Provided material.
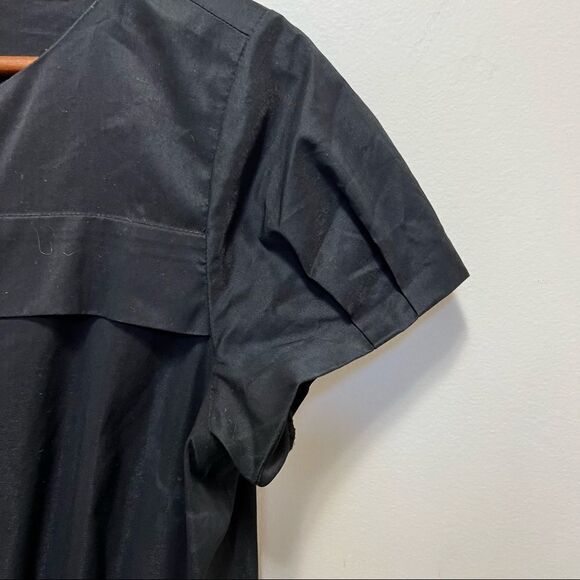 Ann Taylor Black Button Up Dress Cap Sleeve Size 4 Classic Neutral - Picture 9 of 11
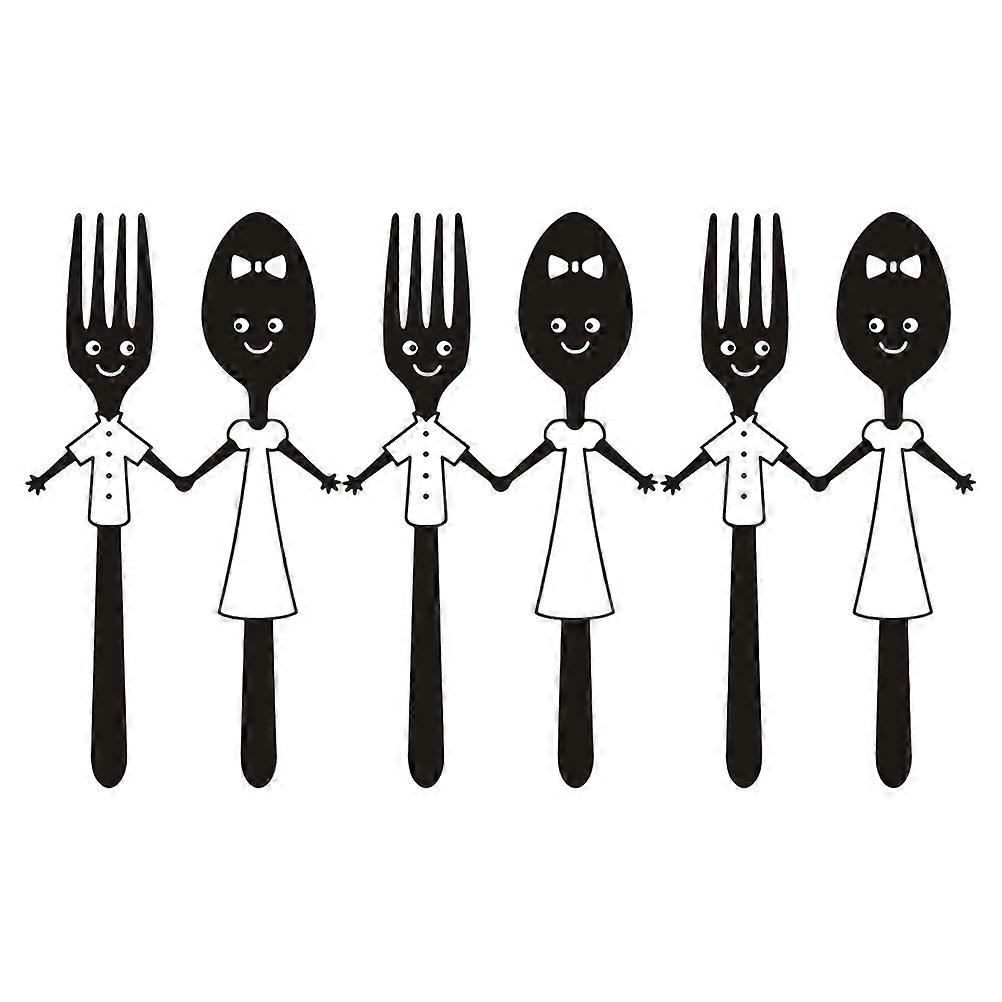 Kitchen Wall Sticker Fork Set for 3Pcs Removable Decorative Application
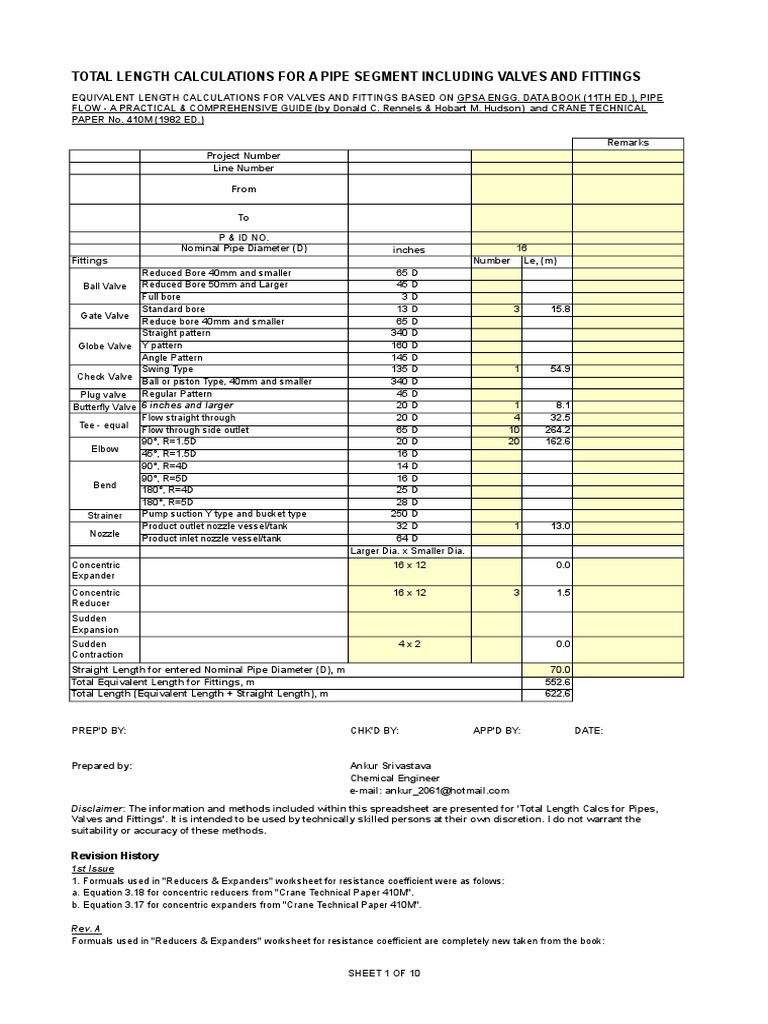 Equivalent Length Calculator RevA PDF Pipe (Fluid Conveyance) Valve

What is required.
Once the pictures are set aside, give the listing again word for word.

Expected answer.
 Ann Taylor Black Button Up Dress Cap Sleeve Size 4 Classic Neutral - Picture 9 of 11
 Kitchen Wall Sticker Fork Set for 3Pcs Removable Decorative Application
 Equivalent Length Calculator RevA PDF Pipe (Fluid Conveyance) Valve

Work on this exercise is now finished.